Poetic, dreaming this catalog Public Parks, Private Gardens by Colta Ives published by The Metropolitan Museum of New York and distributed by Yale University Press gives voice at another characteristic of Paris and in general France: parks and gardens and if you are in New York City from March 12 2018 to July 29th 2018 don't miss this wonderful, researched appointment and art exhibit.

Since King Louis XVI and his wife Marie Antoinette gardens have always been researched and respected because in grade to donate more beauty, grace at the various estates. 

French wealthy people have always been passionate of gardens, and if at first there was a french garden attitude, during the XVIII century people started to appreciate english garden as well.
French Revolution brought a  lot of poverty, abandoned houses and so gardens.

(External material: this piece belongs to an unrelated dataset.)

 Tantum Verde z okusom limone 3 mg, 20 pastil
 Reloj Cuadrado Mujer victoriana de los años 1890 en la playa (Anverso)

Only when situation returned to be back at a certain stability and normality people tried to return to their old houses or to buy that abandoned houses elaborating their gardens with new plants, flowers, although of course these ones were more modest gardens if compared to the ones of the past.

The various Emperors as you will read left a great mark because they adored green places.

The beauty of a garden? It is relaxation, a moment of escapism where it is possible to reestablish an harmonic contact with nature, flowers, plants.

More than other ones painters understood not just the poeticity of a beautiful countryside, but also the immense possibility that gardens, parks, with their vivacity of colors, their beauty, would have meant in term of painting.

A lot of painters from Van Gogh, Cezanne, Monet, Manet, Degas, Delacroix, and many other Impressionists ones choosed the outside green and flowery world for giving and reporting a strong and serene representation of french reality becoming at the same time avid passionate of the art of gardening, as you will read thanks to an accurate life-story of these painters as well and not just of their artistic creations.

These painters loved to paint people while they were sat in parks, creating portraits in gardens,  focusing their attention on the so-called floral still-life genre, flowers in vase still alive and in general with, close to them, some fruits, or bread, biscuits for reporting an idea of a researched  casualty we can call it donating at the same time grace and presenting a precious, gentle aspect at a corner of a house.

This one is not just a book of art, but it is also a historical book so if you love France and you want to discover more, it's for you.
Enjoy the beauty and relaxation that this catalog brings with it thanks to the creations of immortal, genial painters and if you are in NYC don't miss this appointment!


I thank Yale Press for the physical copy of this catalog.